# Glare Displays 24-27 Zoll



## TOBSLA (21. Mai 2010)

Wer weiss welche Monitore Glanzdisplays haben.


----------



## Superwip (21. Mai 2010)

Prad.de Modellsuche


----------



## FatBoo (21. Mai 2010)

Willste wissen, welche Modell du NICHT kaufen sollst, oder wie?


----------



## TOBSLA (25. Mai 2010)

FatBoo schrieb:


> Willste wissen, welche Modell du NICHT kaufen sollst, oder wie?

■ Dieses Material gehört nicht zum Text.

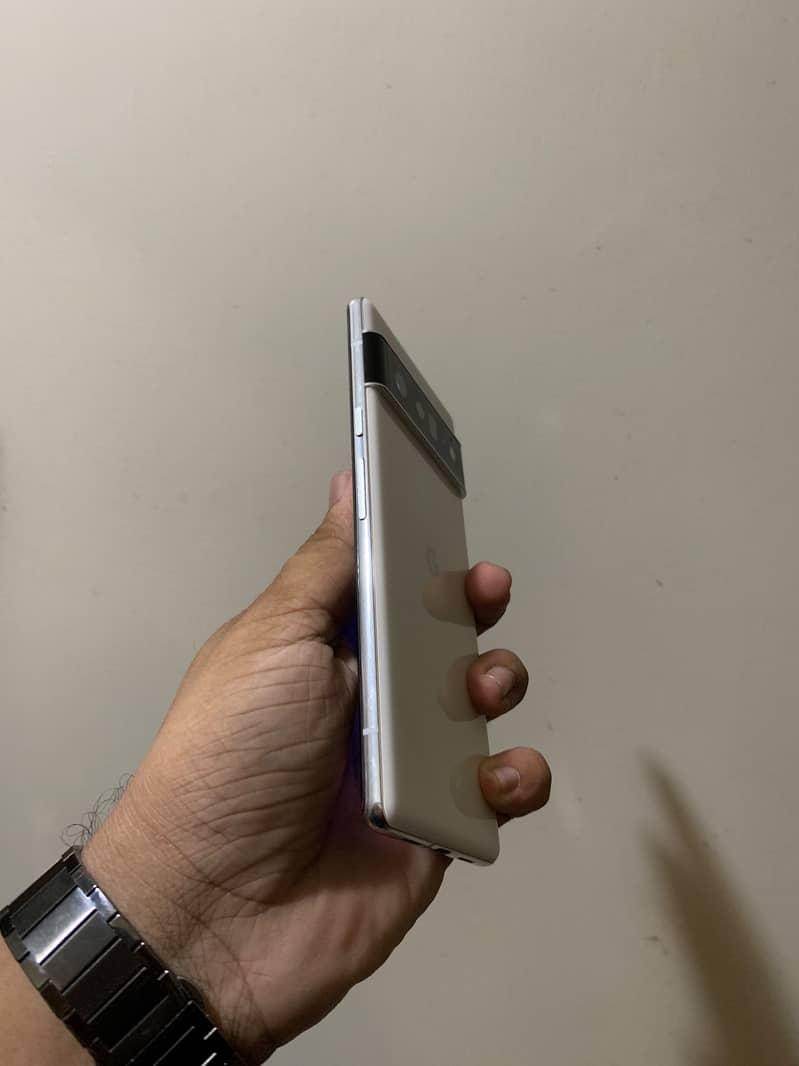 Google Pixel 6 Pro 1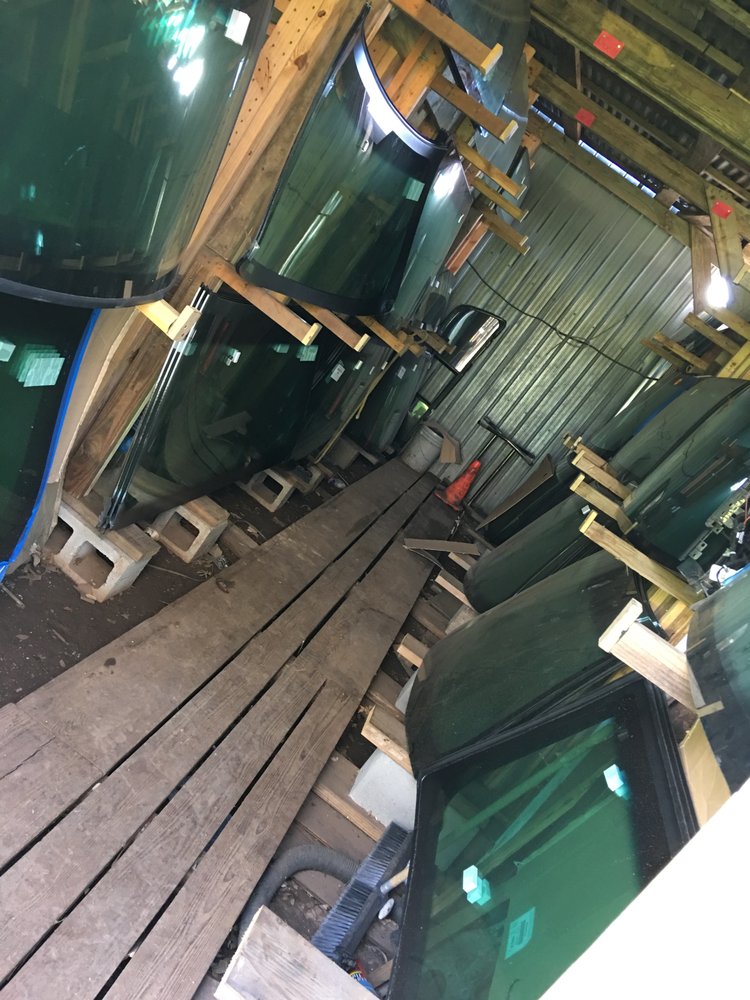 Photo of Ace Discount Glass & Door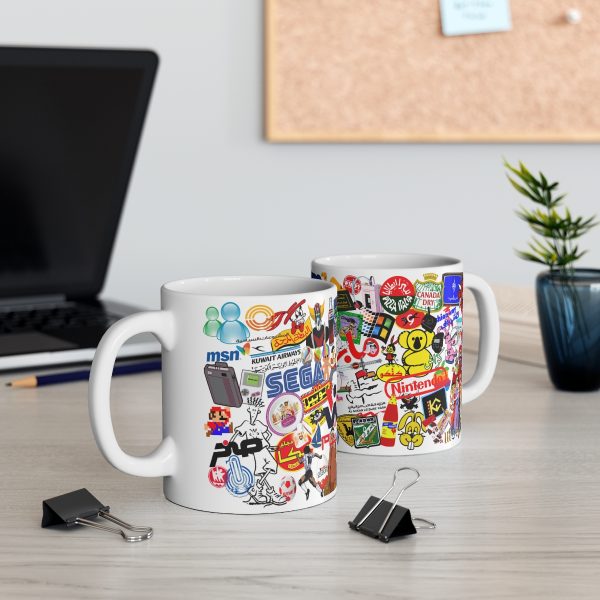 MUG الطيبين - Image 3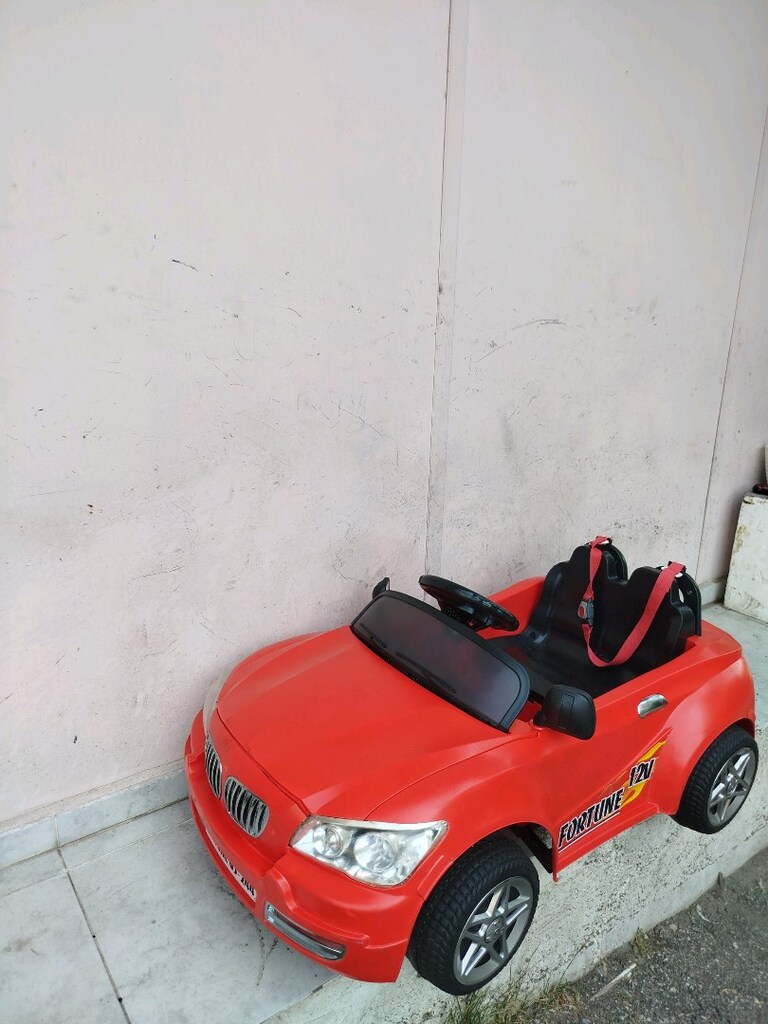 akülü araba - 3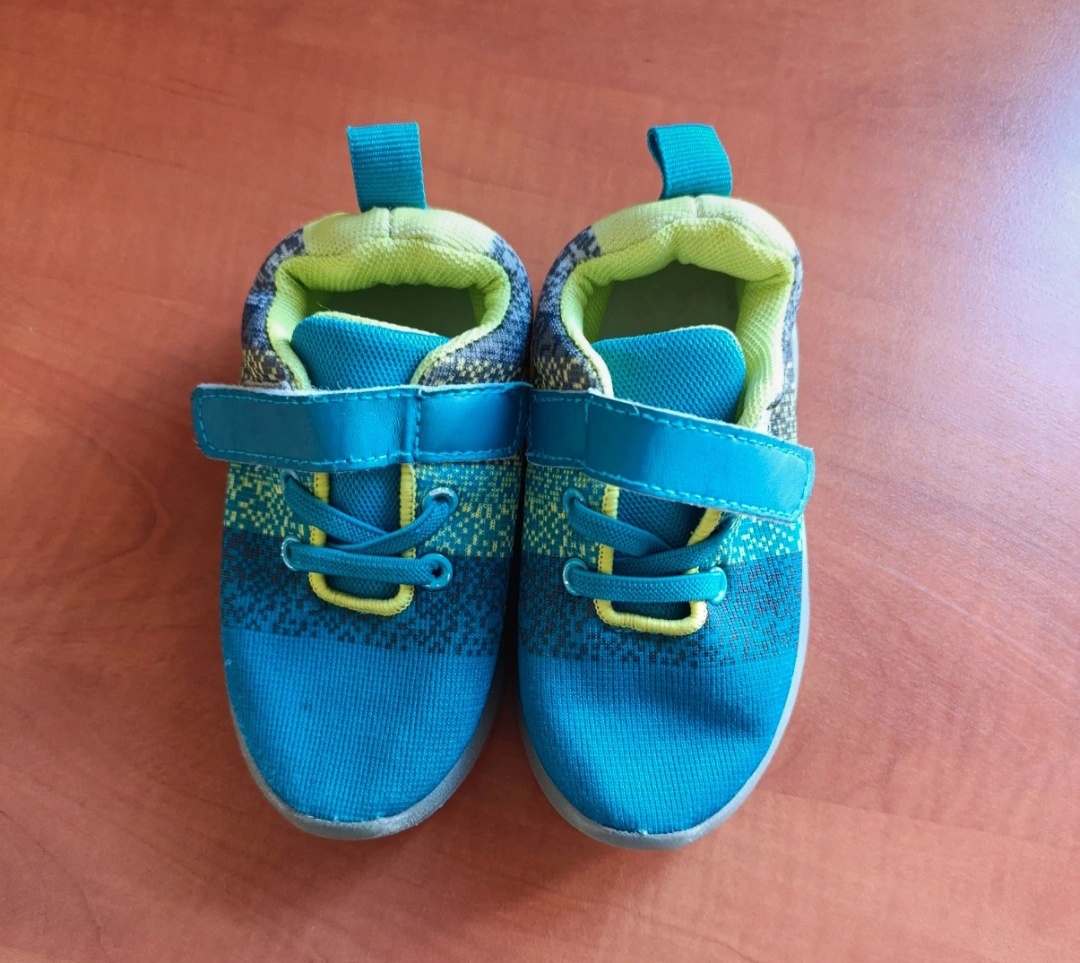 Chlapecké boty vel 24 - 2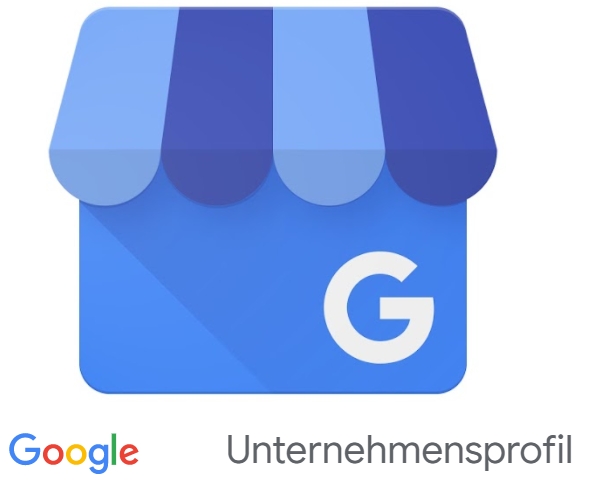 Google Unternehmensprofil Logo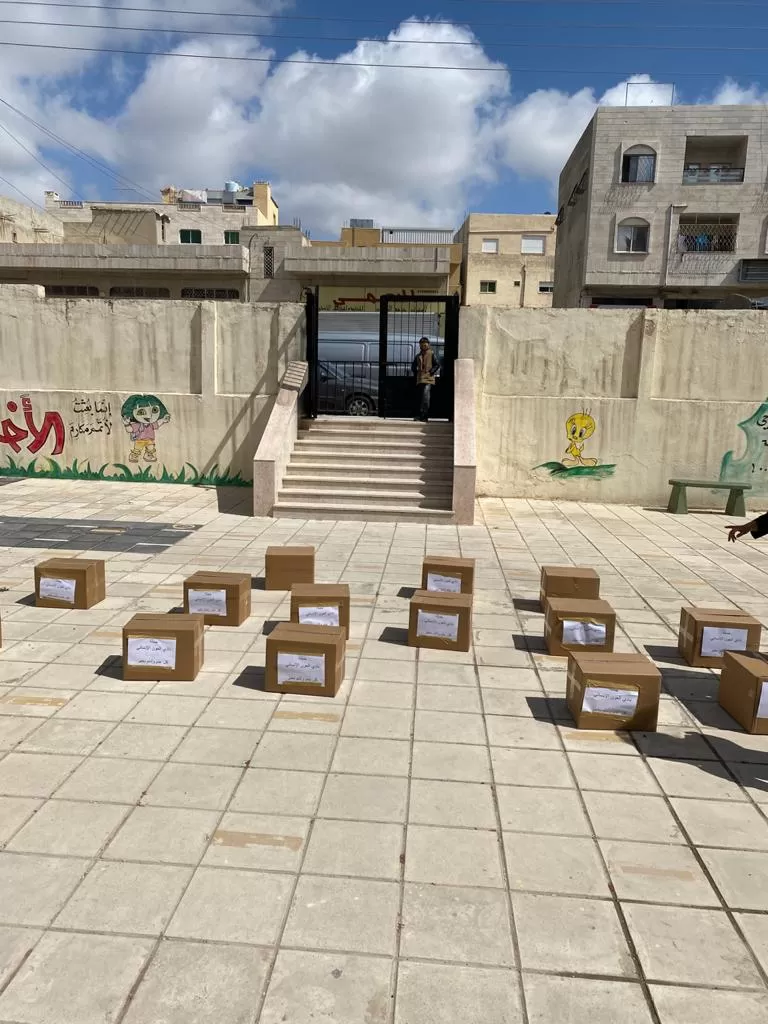 مدار الساعة,مناسبات أردنية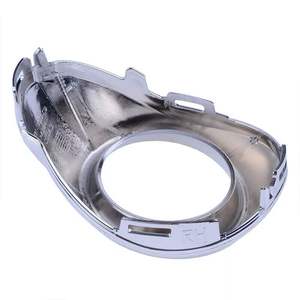 ฝาครอบไฟตัดหมอกกันชนหน้าฟอร์ด โฟกัส ABS ปี 2012-2014 ของแท้ BM51-19953-AD BM51-19952-AD - Product Image 3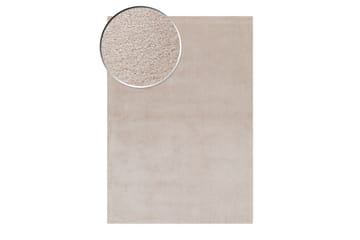 Sheraton Ryamatta Rektangulär 200x290 cm - Creme - Textil & mattor - Mattor - Modern matta - Ryamatta & luggmatta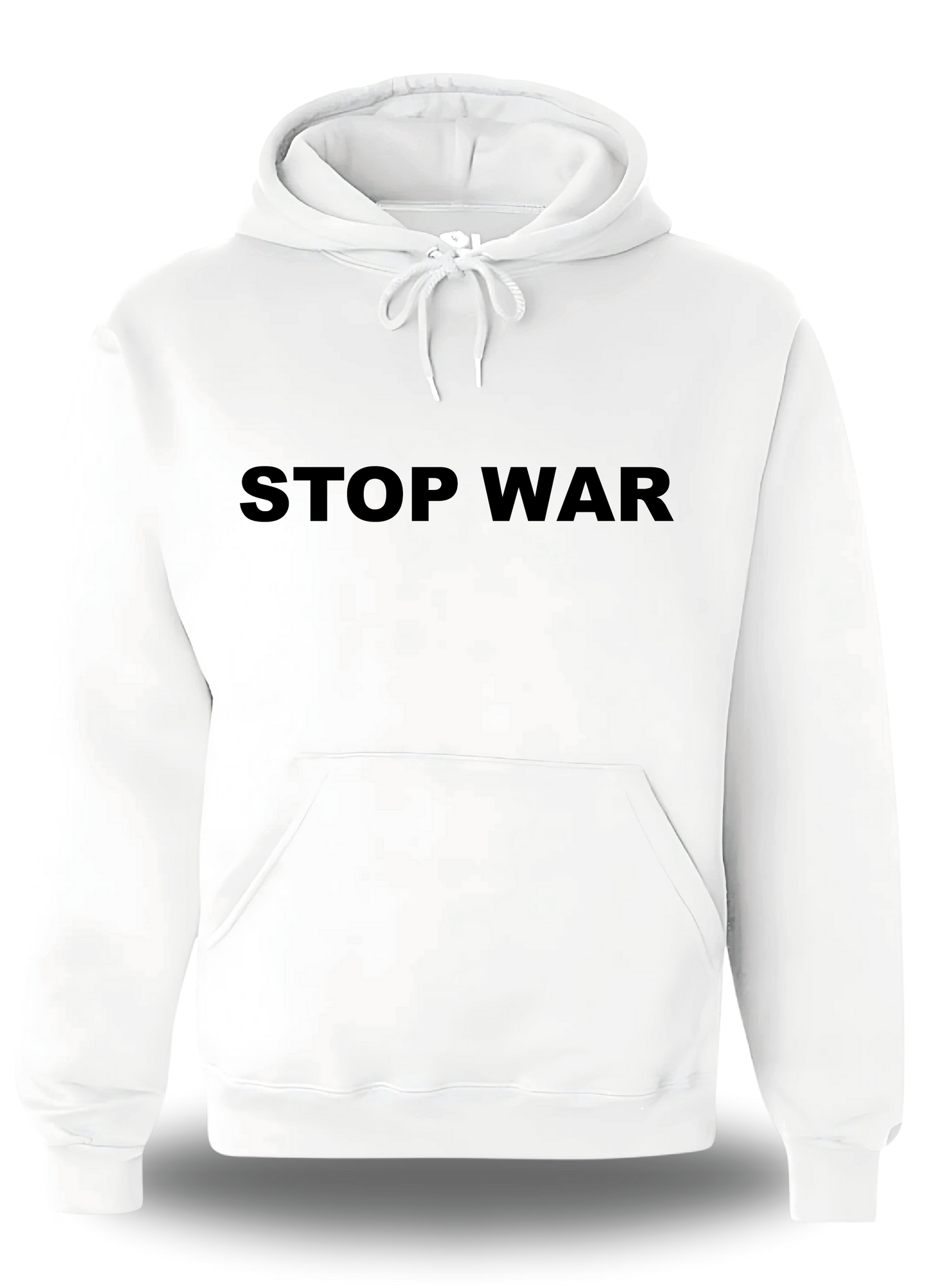 Sweatshirt Stop War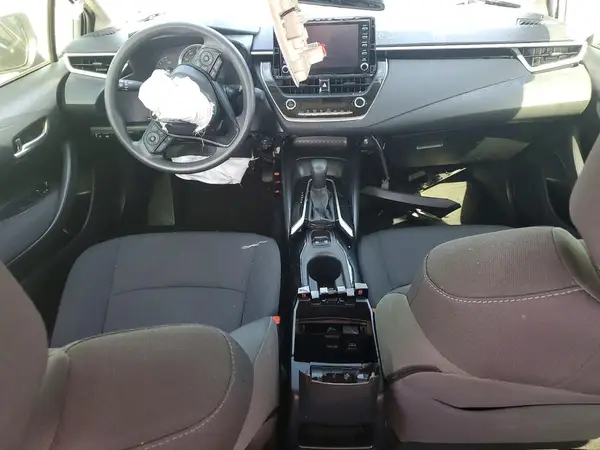 JTDEPRAE7LJ115998 2020 TOYOTA COROLLA - Image 8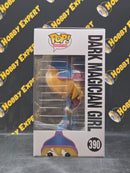 Dark Magician Girl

Hey hey Glare Display ist nicht gleich schlecht. Habe mir den LG W2453TQ zum testen geholt und ihn neben meinem alten HP W2207 mit Glare Display laufen lassen und habe dabei festgestellt dass man bei den matten Displays immer das Gefühl hat man würde durch eine grieselige Schicht schauen die wie ... ach ich kann es nicht beschreiben auf jeden Fall iat das bei meinem HP mit Glare Display nicht so.
Habe auch einen perfekten Platz dafür ohne Licht im Rücken und so weiter.
Finde einfach das Bild viel angenehmer für die Augen wenn der eine Glare Display hat.


----------



## TOBSLA (25. Mai 2010)

Superwip schrieb:


> Prad.de Modellsuche



Danke!


----------



## FatBoo (2. Juni 2010)

TOBSLA schrieb:


> Hey hey Glare Display ist nicht gleich schlecht. Habe mir den LG W2453TQ zum testen geholt und ihn neben meinem alten HP W2207 mit Glare Display laufen lassen und habe dabei festgestellt dass man bei den matten Displays immer das Gefühl hat man würde durch eine grieselige Schicht schauen die wie ... ach ich kann es nicht beschreiben auf jeden Fall iat das bei meinem HP mit Glare Display nicht so.
> Habe auch einen perfekten Platz dafür ohne Licht im Rücken und so weiter.
> Finde einfach das Bild viel angenehmer für die Augen wenn der eine Glare Display hat.


 
Klar, wenn man den Monitor in einer dunklen Ecke oder im Keller stehen hat, kann man auch mit einem spiegelnden Panel glücklich werden.
Im Regelfall sind spiegelnde Displays aber eher störend. Mit hellem Oberteil wird besonders lustig


----------



## Ares_Providence (14. September 2010)

Also, Glare Panels sind so wie es aussieht eine Austerbene Rasse.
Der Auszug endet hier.